Ned Barnett

FEC veteran laments ‘dark money’ in elections

FEC commissioner Ellen Weintraub
FEC commissioner Ellen Weintraub

Ellen L. Weintraub, a longtime commissioner on the Federal Election Commission, thinks the FEC’s six commissioners should get out more. Certainly there’s not much point in their staying holed up in Washington. They’re hopelessly split, with three Democrats and three Republicans, and getting almost nothing done.

The Washington Post’s Dana Milbank wrote recently of the FEC’s impasse: “If you’ve been thinking of breaking federal election law, this would be an excellent time to do it, because the chance of being caught is close to nil. There is no cop on the beat.”

Weintraub, a Democrat, has given up hope of persuading her Republican commissioners to enforce election laws. But she thinks they might be swayed if they would go out into the states and speak with people being bombarded by political TV ads, many of them sponsored by vaguely named groups that don’t disclose their donors. “It’s important for us to hear how our rules trickle down and affect them,” she says.
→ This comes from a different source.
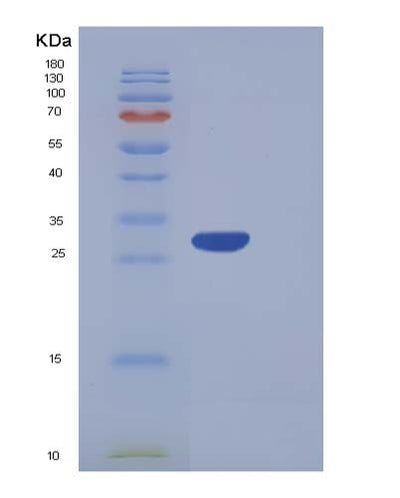 SDS-PAGE analysis of Human CA5A (Carbonic Anhydrase 5A, Mitochondrial) - Recombinant Protein, CAT# BLT-05377P, showing >95% purity under 15% SDS-PAGE (Reduced)Human CA5A (Carbonic Anhydrase 5A, Mitochondrial) - Recombinant Protein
Leading by example, the FEC commissioner visited Raleigh last week to speak to N.C. Voters for Clean Elections and to meet with The News & Observer’s editorial board. A trip to North Carolina was no accident. North Carolina is ground zero for exploding and largely unpoliced political spending. In the state’s U.S. Senate race between incumbent Democrat Kay Hagan and Republican state House Speaker Thom Tillis, outside groups nominally unconnected to the candidates’ campaigns had spent nearly $30 million through the end of September, according to the Brennan Center for Justice at the New York University School of Law.

The rising amount “is shaping up to be the biggest amount of outside spending in this election. It may turn out to be the most ever,” said Ian Vandewalker, counsel for the Brennan Center’s Democracy Program.
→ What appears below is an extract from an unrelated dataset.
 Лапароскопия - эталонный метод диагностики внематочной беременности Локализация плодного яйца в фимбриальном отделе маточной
Nationally, the amount spent on political TV ads has reached nearly $1 billion. About half are bought by groups that don’t disclose their donors.
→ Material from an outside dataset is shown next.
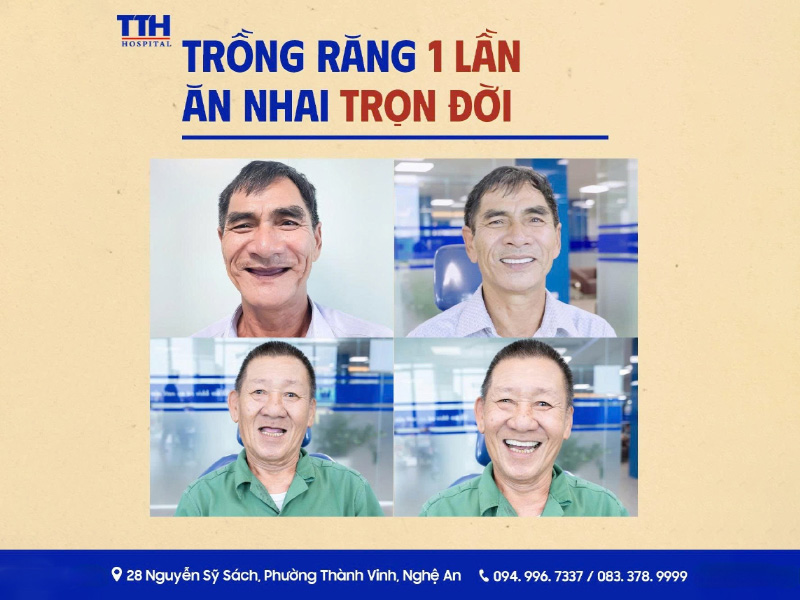 ƯU ĐÃI TRỒNG RĂNG IMPLANT – TRI ÂN ĐẶC BIỆT ĐẾN HẾT NGÀY 10/9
Weintraub is impressed by the volume of cash, but she’s more worried about the sources of the funding being hidden. She notes that Ronald Reagan, both Presidents Bush and even Barry Goldwater supported disclosure of donors. “I don’t know when disclosure became a partisan issue, but unfortunately it has become that,” she says.

Whenever the change occurred, the combination of big money and no transparency was greatly accelerated by the Supreme Court’s Citizens United ruling. That allowed corporations and unions to give unlimited amounts to “issue groups” that tear down one candidate but claim not to be affiliated with the candidate’s opponent. The illusion of separation has become so thin some so-called C-4 issue groups are being formed with a single candidate as their “issue.”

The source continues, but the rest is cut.